▶ [What the exercise asks]:
Taking the data below, please print only the lines from the line holding "Chinelo Kenner X-Level Preto Preto 5" to the line holding "Cover for Hjalmar", inclusive, with pictures omitted.

▶ [Task input]:

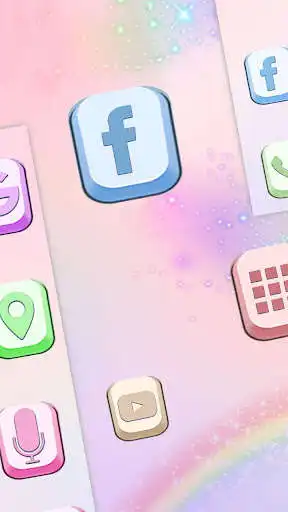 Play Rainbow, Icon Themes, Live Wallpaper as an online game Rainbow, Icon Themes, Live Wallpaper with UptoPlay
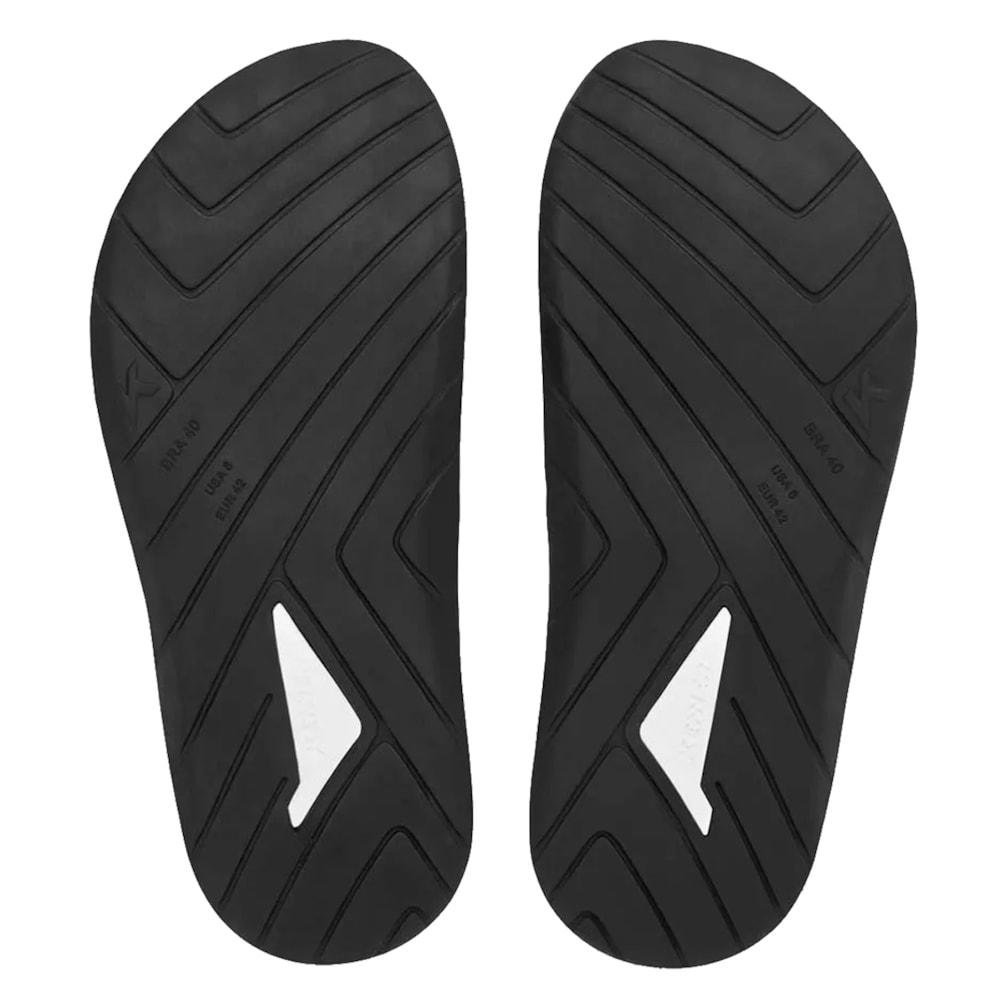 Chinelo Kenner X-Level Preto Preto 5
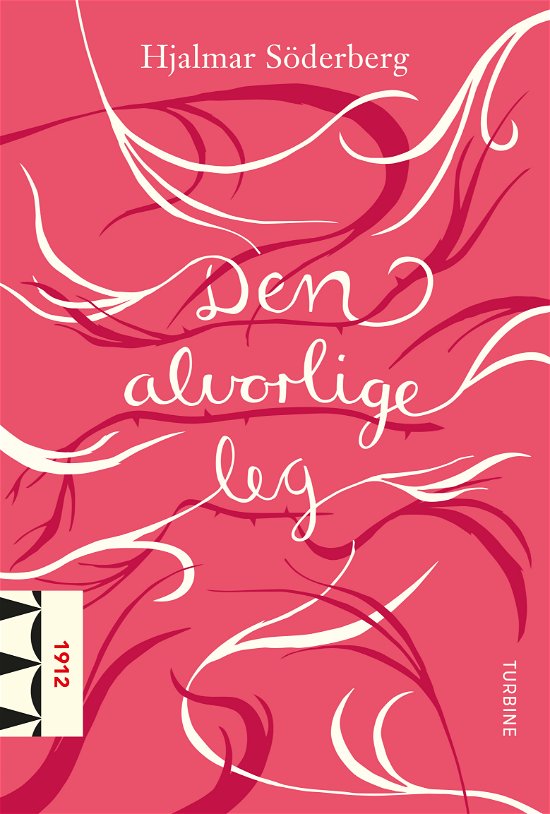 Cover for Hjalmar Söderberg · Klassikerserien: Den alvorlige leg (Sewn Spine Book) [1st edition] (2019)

---

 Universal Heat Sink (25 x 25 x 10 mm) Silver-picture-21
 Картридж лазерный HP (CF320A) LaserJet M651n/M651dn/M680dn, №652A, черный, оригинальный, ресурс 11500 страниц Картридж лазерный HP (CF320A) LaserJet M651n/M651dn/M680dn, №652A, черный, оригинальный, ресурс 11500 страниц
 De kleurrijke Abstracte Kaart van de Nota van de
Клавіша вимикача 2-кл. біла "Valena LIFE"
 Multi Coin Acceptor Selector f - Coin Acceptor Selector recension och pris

▶ [Exercise output]:
 Chinelo Kenner X-Level Preto Preto 5
 Cover for Hjalmar Söderberg · Klassikerserien: Den alvorlige leg (Sewn Spine Book) [1st edition] (2019)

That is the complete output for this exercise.